Our study also indicated that 56.0% of cases tested negative for H. Pylori, while 44.0% were positive. Hirata et al. [41] found that eradication of H. Pylori has a beneficial effect on GERD. Conversely, Hojo et al. [42] argued that H. Pylori eradication can lead to GERD. Contrarily, some researchers, such as Bor et al. [43], have suggested no correlation between H. Pylori and GERD. Zullo et al. [44] reported that in some patients, H. Pylori preferentially colonize the antrum, leading to antrum-dominant gastritis characterized by worsened GERD symptoms, increased gastrin, and acid secretion. Eradication of H. Pylori reduced acid secretion
One mechanism attributed to H. pylori infection is its potential to increase acid reflux by neutralizing bacterial ammonia [45]. Conversely, the protective mechanism hypothesis suggests that H. pylori induces gastric mucosal atrophy, impairing acid production [41]. Some researchers propose that H. Pylori's protective effect involves its impact on ghrelin and gastric acid production. Ghrelin suppression by H. pylori may mitigate GERD risk by reducing appetite and potentially decreasing obesity, a known GERD risk factor [46].
In our study, according to endoscopy alarm signs, 47.0% of cases presented with melena, 20.0% with dyspepsia, and 20.0% lacked alarm signs. Claret and Hachem [47] emphasized the importance of screening GERD patients for alarm symptoms, which warrant endoscopic evaluation due to possible underlying malignancy. They noted that typical GERD symptoms alone do not necessitate upper endoscopy. Katz et al. [48] outlined alarm symptoms such as dysphagia and odynophagia, indicating potential complications like strictures, ulcers, or malignancy. Other alarm signs include anemia, bleeding, and weight loss.

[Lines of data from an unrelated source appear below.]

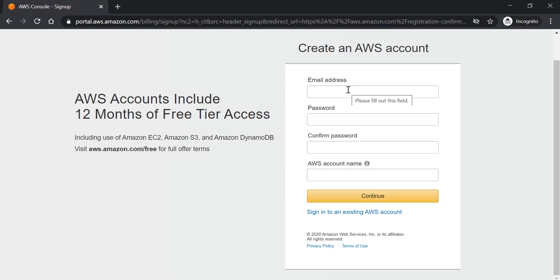However, do not worry. You will not be charged right now. It's a free trial and you will only be charged when your free trial ends. So if you do not want to be charged, you must close your account before the free trial ends or you should be using the data within your limits.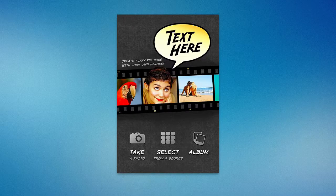Really dead simple. Add shapes, add little speech bubbles, add text to photos — dead simple. Whether it's serious, comedic, whatever it may be. Check it out in the App Store — Text Here.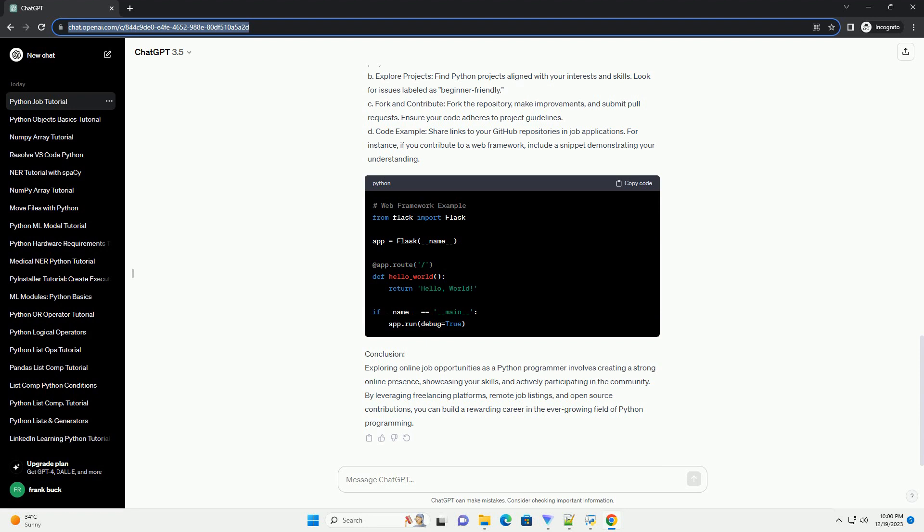C. Submit proposals. Write compelling proposals tailored to the client's requirements. Highlight your Python skills and relevant experience.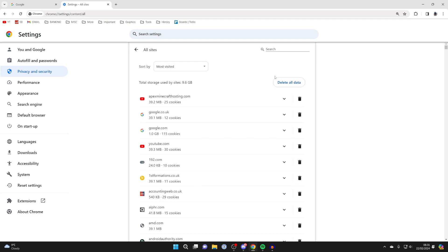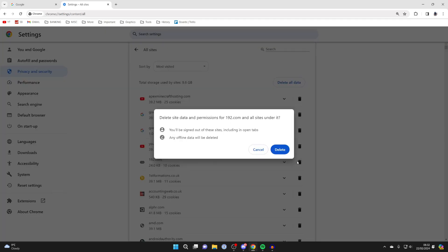You can delete it all, or if there's just a certain one you want, you can find it or search for it in the top right. You can then come over to the right and click on this trash icon.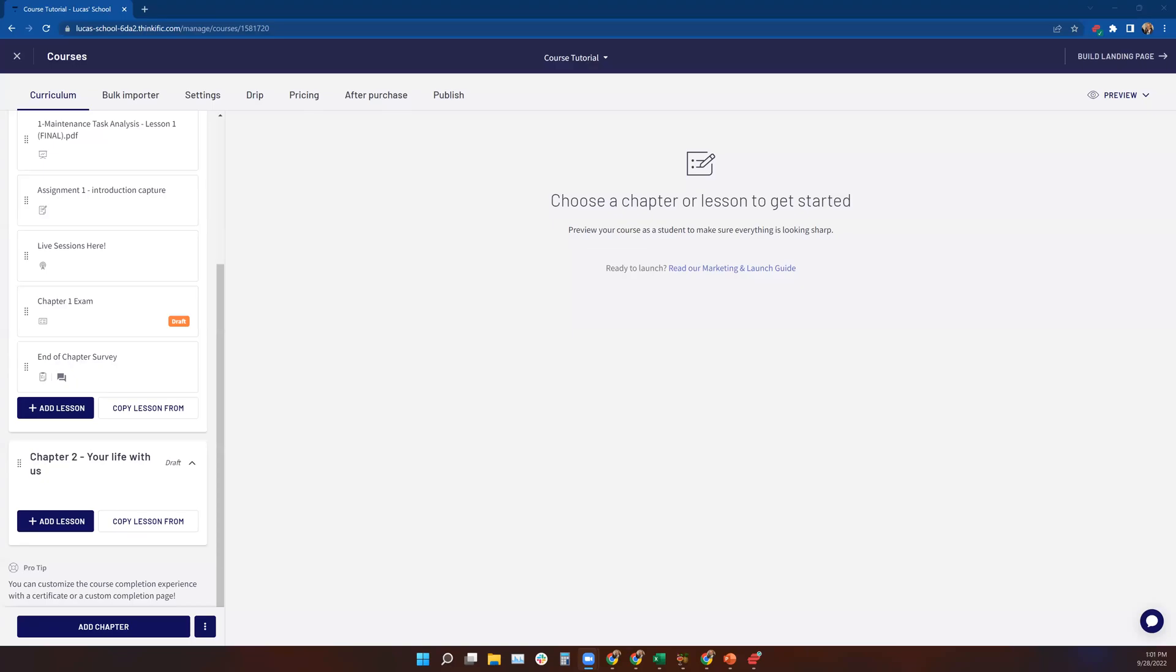Welcome to the lesson on assignments. This one's pretty quick and easy. Assignments are a fantastic way for you to measure the performance of your students during your course.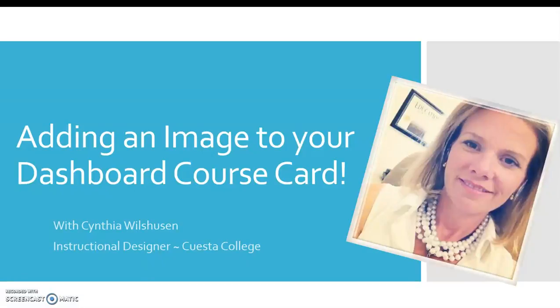It is possible to set an image to appear in the background of your dashboard course card, which will display for all students and teachers of the course.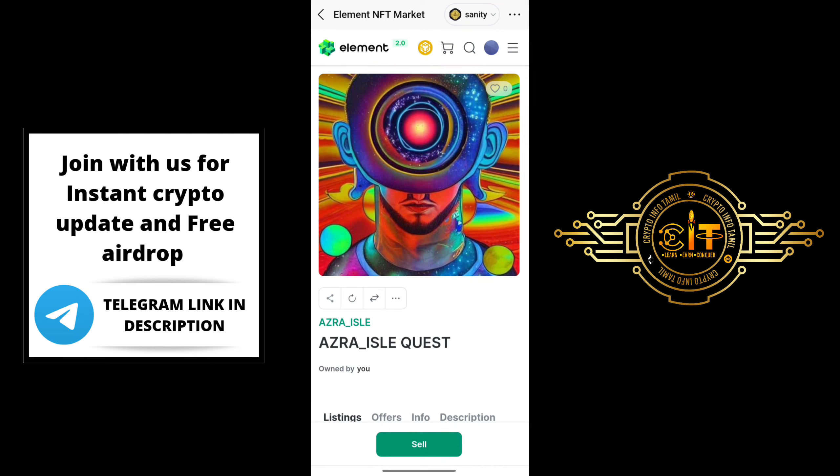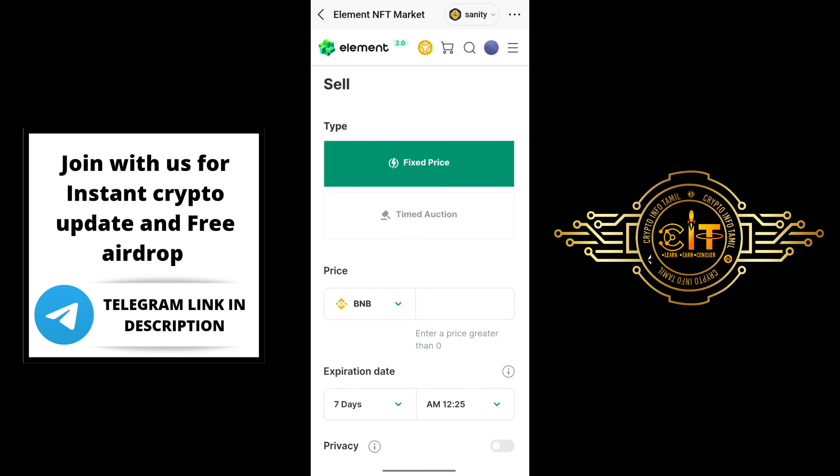You just tap the NFT. There is an interface that opens. There is a sell option. There are two types: one is fixed price and one is timed auction. If you think you want to sell the NFT and fix the rate, that is the fixed price option. If you look at the timed auction option, you can fix the rate. If there is no demand at that time, you can still sell the NFT using the timed auction option.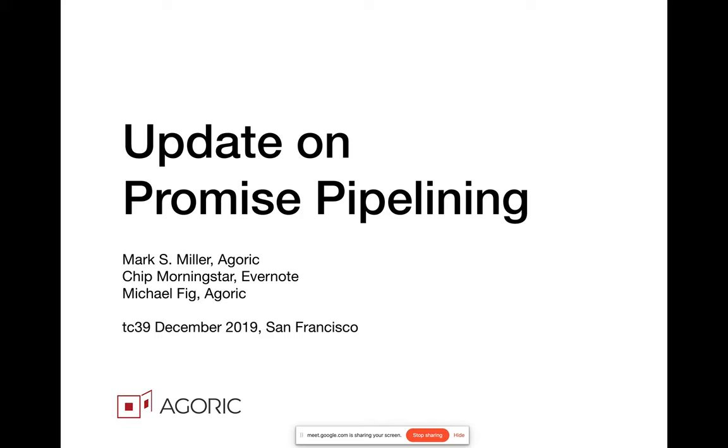Update on promise pipelining. This is an update about a pair of proposals, both of which were presented last time. The eventual send proposal, which is the underlying API and semantics for supporting promise pipelining, for supporting the ability to do efficient distributed object programming, efficient and pleasant distributed object programming, and the separate wavy dot syntax proposal for providing syntactic support for doing that kind of programming. And this is an update on both of those, but we should remember that they are two separate proposals.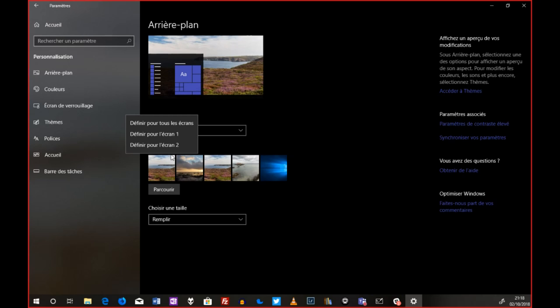Et c'est pour ça que moi, j'ai mis ce tuto dans la liste des tutos Lifetile à faire. Je pense que c'est un truc, voilà, ça prend deux secondes à faire. Mais si on ne le sait pas pour le trouver, c'est vraiment très, très difficile. Je ne pense pas que je l'aurai trouvé tout seul.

Our study also found that 20.0% of cases reported no NSAID use, while 80.0% did use NSAIDs. Kim et al. [49] associated NSAID use with increased risk of reflux esophagitis and esophageal strictures, noting cases of dysphagia linked to NSAID intake. In contrast, Koutlas et al. [50] observed a trend toward improved histologic response in EoE patients using NSAIDs, attributing this effect to NSAIDs' inhibition of COX-2 enzyme production and subsequent reduction in esophageal inflammation. Hill et al. [51] suggested that chronic NSAID use may desensitize patients to allergic conditions, akin to aspirin-exacerbated respiratory disease.
In our study, within the EoE group, 25.0% were smokers, 75.0% experienced dysphagia, 100.0% reported heartburn, none had persistent vomiting, 100.0% presented with melena, none reported dyspepsia, 100.0% had abdominal pain, 100.0% were NSAID users, 100.0% had occult blood in stool, and 100.0% tested positive for H. Pylori antigen.
Our findings are consistent with García-Compeán et al. [52], who found that the most common symptoms were heartburn in 114 (76%) patients and regurgitation in 84 (56%) patients, with only 30 (20%) reporting dysphagia.
Regression analysis in our study identified dysphagia, H. Pylori antigen positivity, and occult blood in stool as significant predictors of EoE among our patients (P<0.05). Other parameters did not show a significant association with EoE (P>0.05). Common symptoms of EoE in adults include dysphagia, food impaction, and heartburn [53].
Similarly, Fouad et al. [54] reported dysphagia as the most prevalent symptom in EoE, present in 75% of their patients (p<0.001), with no cases of weight loss reported. Other studies have also identified dysphagia in 64.0% [55] and up to 89% [56] of EoE patients. Kapel et al. [57] noted that dysphagia was the most common reason for endoscopy in adults with EoE (70.1%), followed by GERD/heartburn (27.1%).